The degree of understanding of how parameters influence output images varied among participants. Some participants like P1 demonstrated a clear grasp, explaining how adjusting the aspect ratio impacts their generated image: "if you put a –9:16, that gives you much better portraits...But if I do it in the square format, there’s not enough [room]." Their statements llustrated an awareness of parameter effects. However, other participants, like P8, acknowledged using certain parameters without fully grasping their impact on the generated image: "you know, - -16 by 9, - - quality 25, whatever. I don’t know much difference [it makes] there or if it even really does anything."
Finally, refinement sometimes (n=16) involved leveraging Midjourney’s capability to generate diverse outputs from the same input. This technique, known as re-rolling or making variations, involves participants rerunning the same prompt, capitalizing on Midjourney’s inherent variability. P2 explained this approach, stating, "you can still put in the same prompt and it’s [Midjourney] gonna come up with something totally different." This approach was particularly useful at different refinement stages, with some, like P5, starting to explore variations after achieving a satisfactory base result: "I guess the first thing that I look for is, you know, the accuracy from my perspective of what I was after and then versioning from there" Novice users, in particular, tended to depend more on this method. For example, P3, a novice, utilized re-rolling without modifying their prompt, in hopes of achieving a more favorable outcome akin to "roll[ing] the dice and hop[ing] for a better number." As P3 explained, they used this method because they were unsure how else to refine: "so, I wouldn’t know what to add or if I needed to add pluses or take away the commas to make that work." This highlights how some participants, like P3, often rely on Midjourney’s stochastic nature to explore possibilities, especially when uncertain about how to adjust prompts effectively.
4.4 Users’ Prompt Journey: Challenges
Building upon our initial inquiry, our second research question seeks to examine the challenges users experienced during their prompt journey.
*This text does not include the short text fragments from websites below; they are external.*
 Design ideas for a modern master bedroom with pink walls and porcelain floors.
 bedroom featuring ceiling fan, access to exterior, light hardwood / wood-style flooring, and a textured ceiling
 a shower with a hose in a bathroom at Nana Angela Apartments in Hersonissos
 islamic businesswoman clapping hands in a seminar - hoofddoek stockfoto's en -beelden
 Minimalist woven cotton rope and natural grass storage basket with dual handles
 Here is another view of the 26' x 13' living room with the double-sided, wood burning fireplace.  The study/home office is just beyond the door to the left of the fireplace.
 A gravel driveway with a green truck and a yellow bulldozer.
We surfaced two themes of challenges influencing the users’ prompt journey: challenges in aligning user intentions and generated outputs, and challenges in mastering prompt crafting knowledge.
4.4.1 Challenges in Aligning User Intentions and Generated Outputs.
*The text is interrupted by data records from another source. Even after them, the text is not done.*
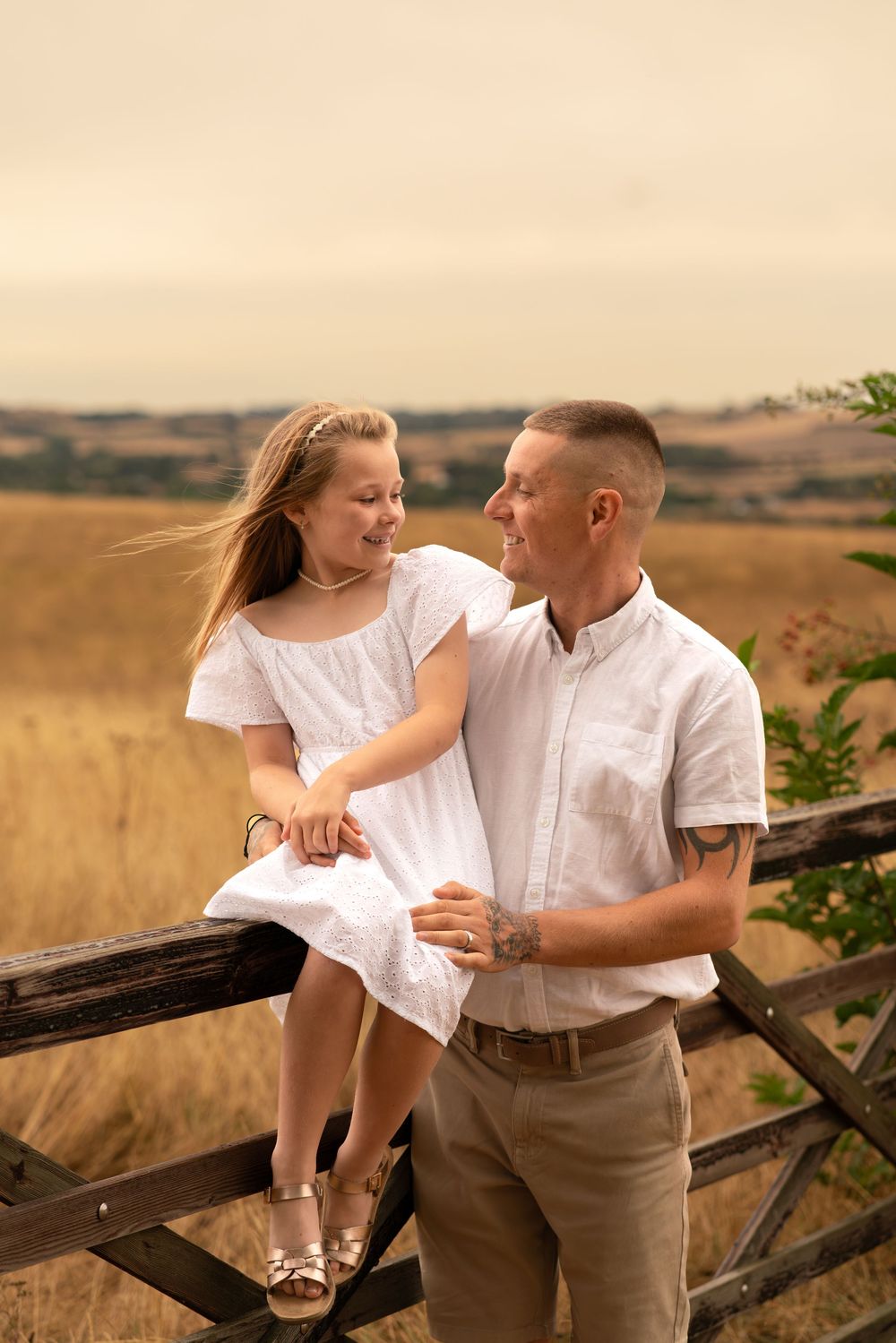 A couple in white and beige outfits share a smile near a rustic wooden fence in a golden field.
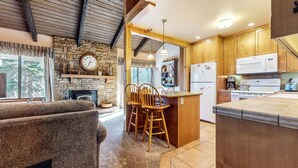 A cozy living room with a stone fireplace, wooden chairs, and a large window overlooking a forest. - Discovery 4 108 Great Complex Amenities, Close to Canyon Lodge by RedAwning (Mammoth Lakes)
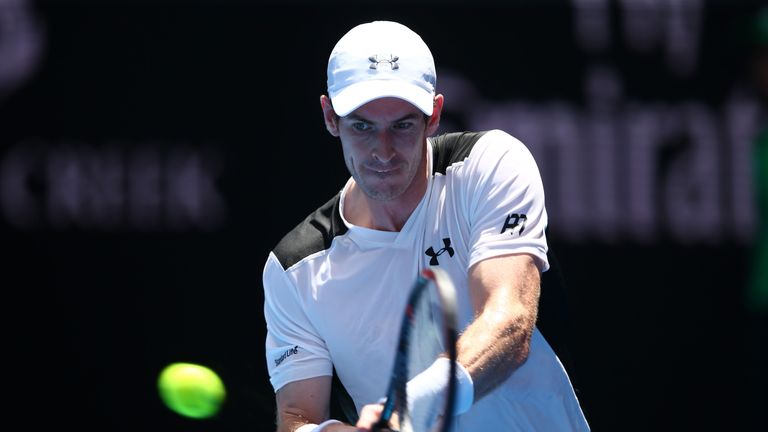 Andy Murray of Great Britain plays a backhand his first round match against Alexander Zverev of Germany during day two of the Australian Open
One of the challenges participants faced throughout their prompt journey was the misalignment between their intended goals and Midjourney’s interpretation of their prompts. When participants had targeted goals (see section
4.2.1), and a well-defined vision for their desired outcomes, frequently encountered frustration when Midjourney failed to recognize critical elements or aspects of their prompt. This challenge was illustrated by P14’s experience, where their explicit mention of "
flying car" was not translated into the AI-generated result: "
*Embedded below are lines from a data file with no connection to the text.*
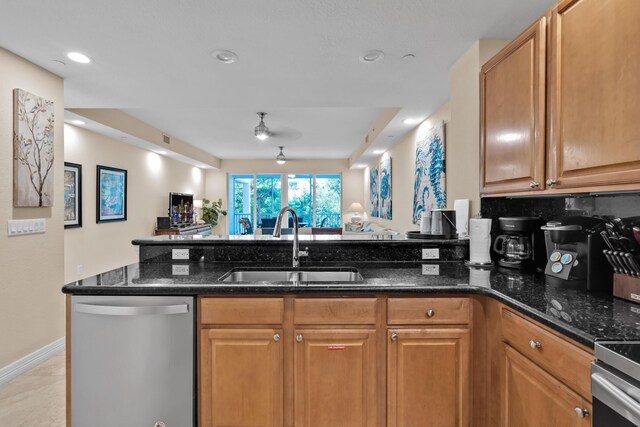 kitchen with appliances with stainless steel finishes, sink, dark stone countertops, and kitchen peninsula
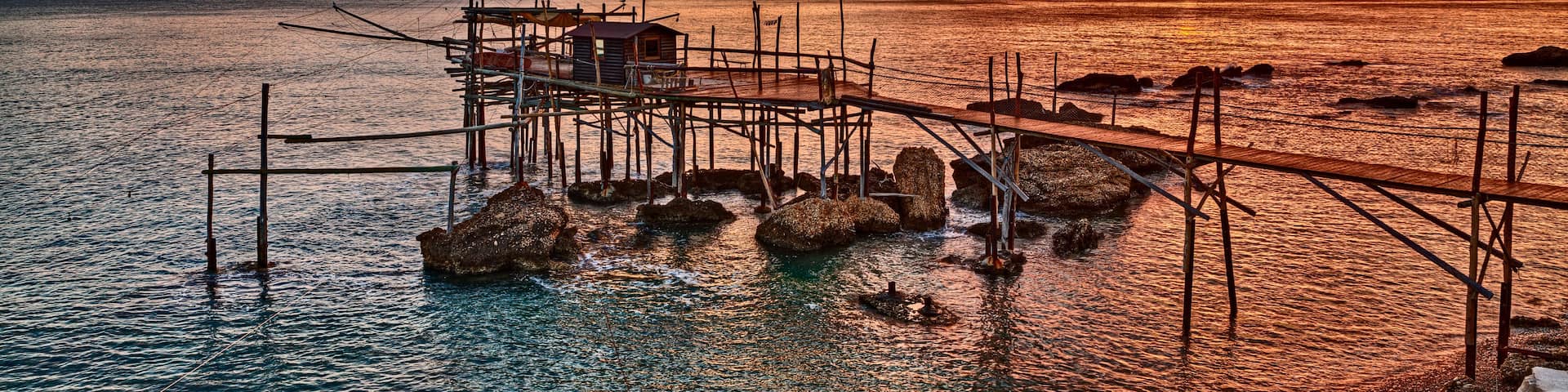 A sunset over a coastal area with a pier extending into the water, surrounded by rocks.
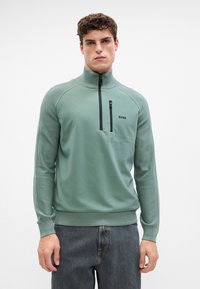 Grüner Reißverschluss-Pullover aus glattem Material mit gerippten Bündchen und Saum. Verfügt über eine Brusttasche und ein kleines schwarzes Logo an der Seite.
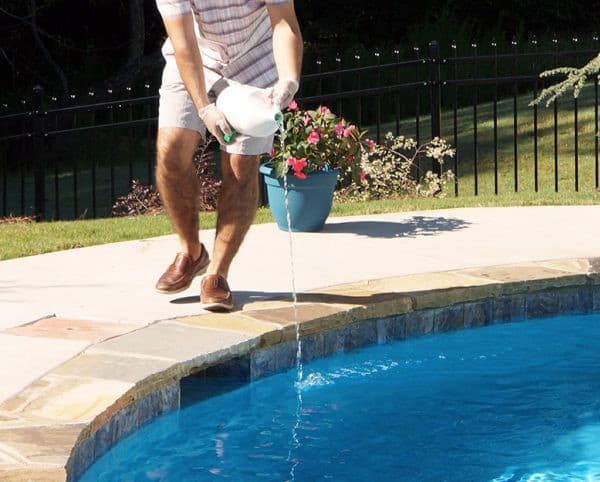 man pouring chemicals into pool
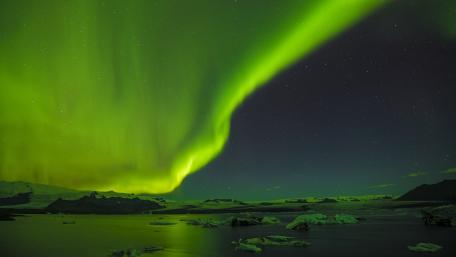 Mesmerizing Aurora Over Icy Landscape wallpaper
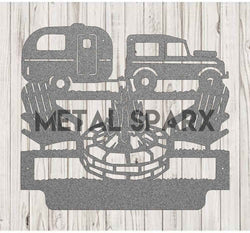 Silver metal art custom camping monogram by Metal Sparx displayed on a surface with intricate design details.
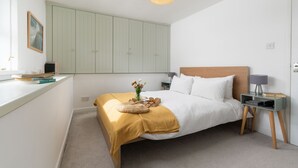 Un dormitorio con cama, mesita de noche, lámpara y una lámpara colgante.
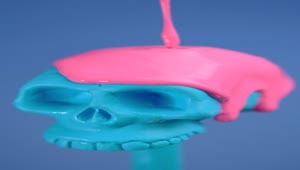 Stock Video Blue Plastic Skull Covered With A Pink Liquid On A Live Wallpaper For PC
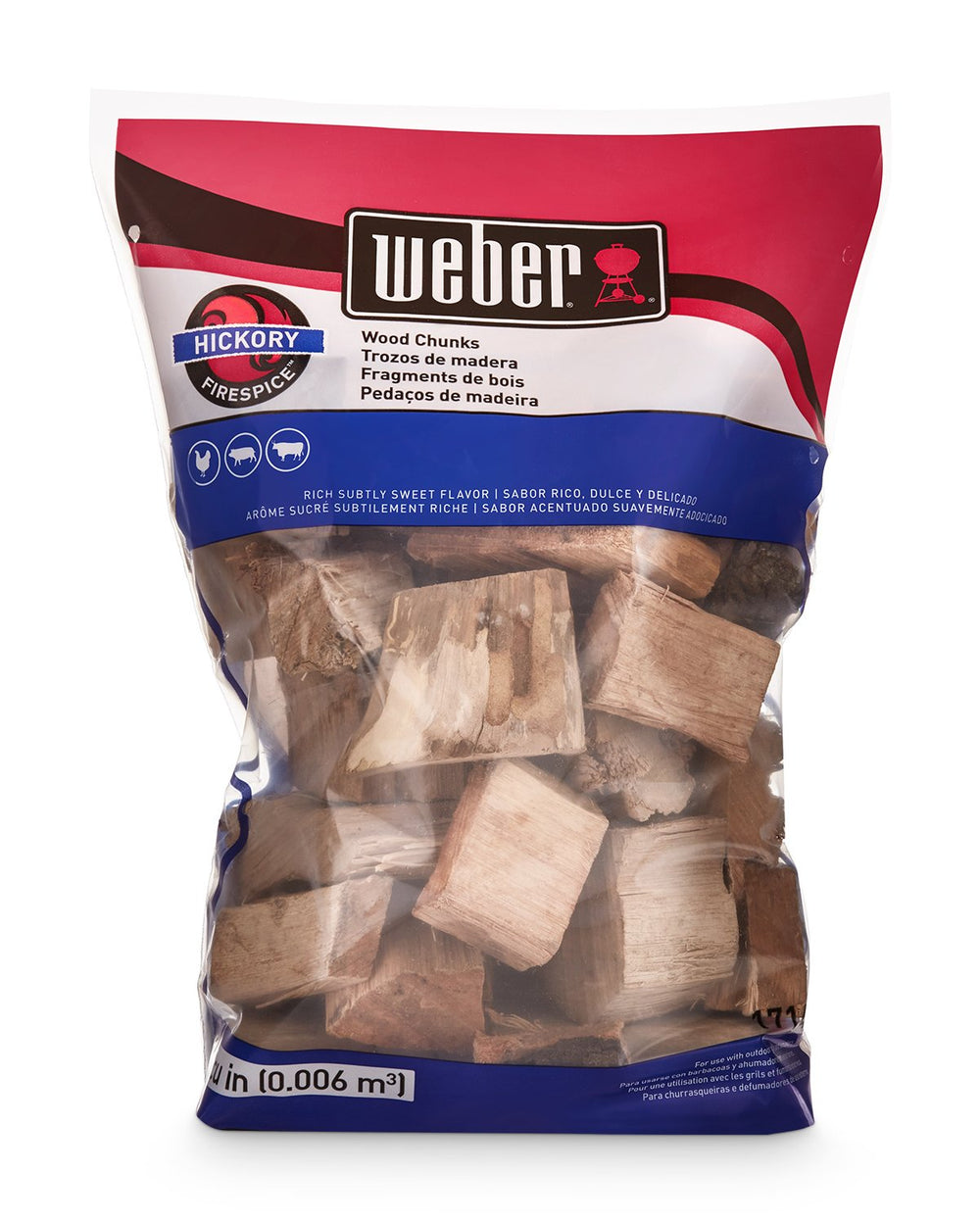 Weber hickory chunks on hot coals inside grill producing steady smoke for flavor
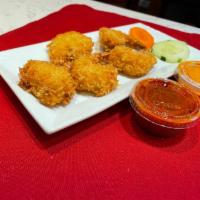 Shrimp Pakora · Lightly breaded and fried shrimps tossed with spices. Served with spicy sauce.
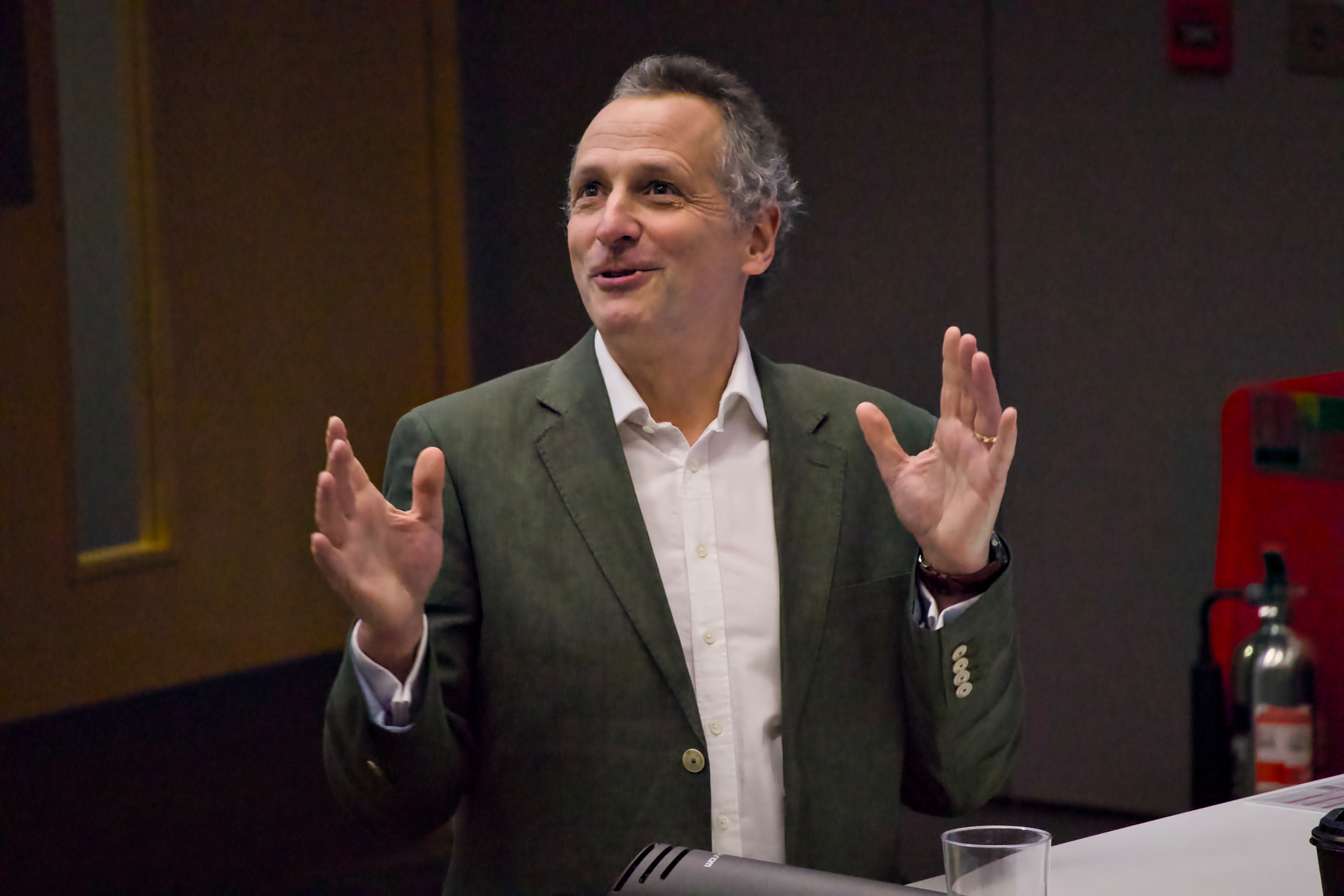A man wearing a green blazer and white shirt is speaking with expressive hand gestures in an indoor setting.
the fact that I said flying did not really get translated into this." Similarly, P11 faced an unintended blend of elements: "
Astronaut was supposed to be with fish, and they blended the two together, which was not what I was looking for."
Some participants (n=5) expected the AI to interpret words and concepts as if it had human-like understanding, leading to surprise and confusion when the AI’s interpretations significantly diverged from human-like comprehension. This mismatch was illustrated by P3’s example: "I did this one yesterday. headless horsemen and see he has a head." P5’s struggle to create a "faceless woman" further exemplified this challenge. Despite trying various descriptors such as “faceless,” “no face,” “blurry face,” and a detailed description excluding facial features, P5 found that Midjourney could not discern these nuances without explicit commands like ’–NO’: “I have no idea why that prompt doesn’t work because it seems like the simplest, most boiled down way to say that.” Moreover, this mismatch in interpretations extended to how different words might encode distinct visual representations. P11’s experience with different outcomes for synonyms like ’raven’ and ’crow’ highlighted how the "AI’s interpretation" of similar words could result in distinct visual representations.
The consequences of this misalignment extended beyond mere frustration. In some cases, particularly when aiming for targeted goals, participants felt compelled to abandon their prompt iteration entirely, as Midjourney did not generate the desired results. P16, expressed their inability to achieve specific images, highlighting a desire for more interactive feedback from Midjourney: “I couldn’t get her face wrapped in golden threads. I’m not sure why. Maybe the thing to do would be to have a feature to say it didn’t work.” P5 and P6 experienced such dead ends, finding themselves in a cycle of prompt refinements without seeing effective changes: “I have no idea why that prompt does not work.” P5 Consequently, some, like P18, resorted to abandoning their initial prompts after numerous unsuccessful attempts: “If I try several times, maybe like ten times, and if the outcome is something that I do not like, I just get rid of it... I just make a new prompt using different words or different concepts.” Despite these challenges, the unpredictability of the AI model became its own reward for some, either stopping their efforts when the output was unexpectedly pleasing or motivating them to explore new creative avenues. For instance, P14 shared an experience where Midjourney led to a new creative direction: "the headdresses that kind of took me in a direction where ohh that’d be kind of cool if it had more of like, a Native American folklore aspect to it."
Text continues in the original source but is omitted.